No doubt this is an event that is incredibly important to us as volunteers of VPSN, since it speaks to our visions about the importance of having more open urban public space.
Knowing that this is an event that promotes the awesomeness of open public space in Vancouver and can also bringing people together to exchange ideas and engage in dialogue about public space, six volunteers from VPSN came together to transform a regular parking meter space on Kingsway and Joyce Street into a mini farm.
A truck loaded with hay bales, 50 corn stocks, planter boxes, a few two by fours, and a toolbox were unloaded to revive a parking space outside a sushi restaurant, a random undergarment shop, and a few apartments alongside the consistent stream of Kingsway’s typical busy traffic. The space was completed with the decoration of colorful vibrant cloths and musical bluegrass beats to accompany our theme.
Undoubtedly, the creativity of VPSN’s volunteers was demonstrated once again with their spin on a ubiquitous feature of urban life: the parking meter. As responsible urban citizens, the meter was fed from 10am-3pm even though there was no actual car parked, but this was not wasted pocket change.

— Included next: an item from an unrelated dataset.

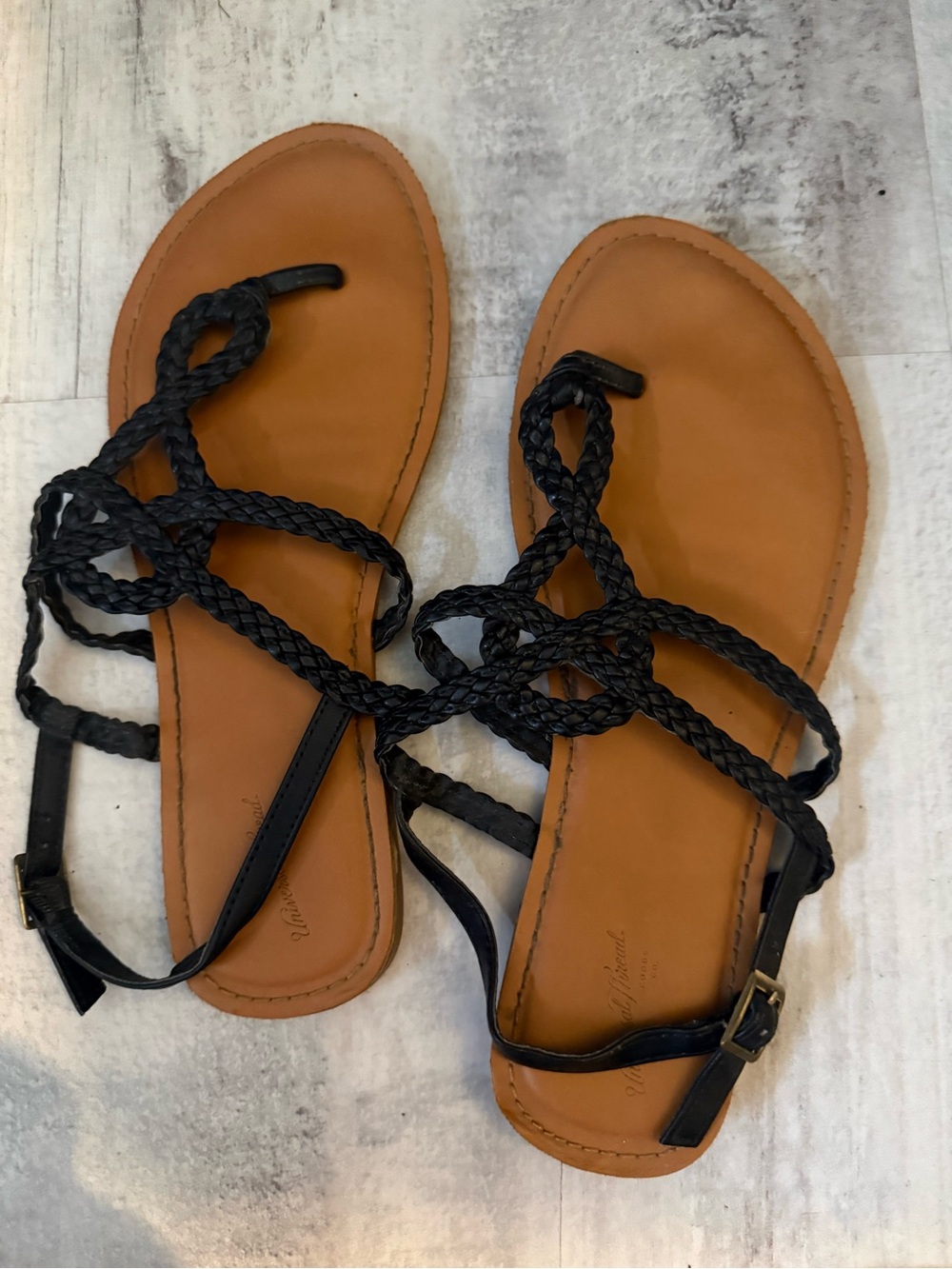 Universal Thread Black Braided Lace-Up Sandals with Tan Footbed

The day was successfully spent immersing ourselves and Vancouverites in dialogue to challenge the definition of a city in the 21st century. Indeed, our mini farm-themed parking space made people look twice as they walked by and it even stopped some from walking to their destination to talk with us about what exactly was going on.
One man sitting in the sushi restaurant next to us liked our urban initiative so much that he bought the group sushi for lunch. Another man stopped by on his way to work to join in on our art activity of leaf printing to make a card for his boss. One woman living in the apartment above our mini farm brought us coffee and tea and entertained us with her humorous thoughts that our urban intervention initiative is only the beginning to gentrification within this Kingsway corridor.
All in all, this meaningful and random urban act is a simple means to bring the people and community together to spark thought-provoking conversations, which is exactly what happened on this day.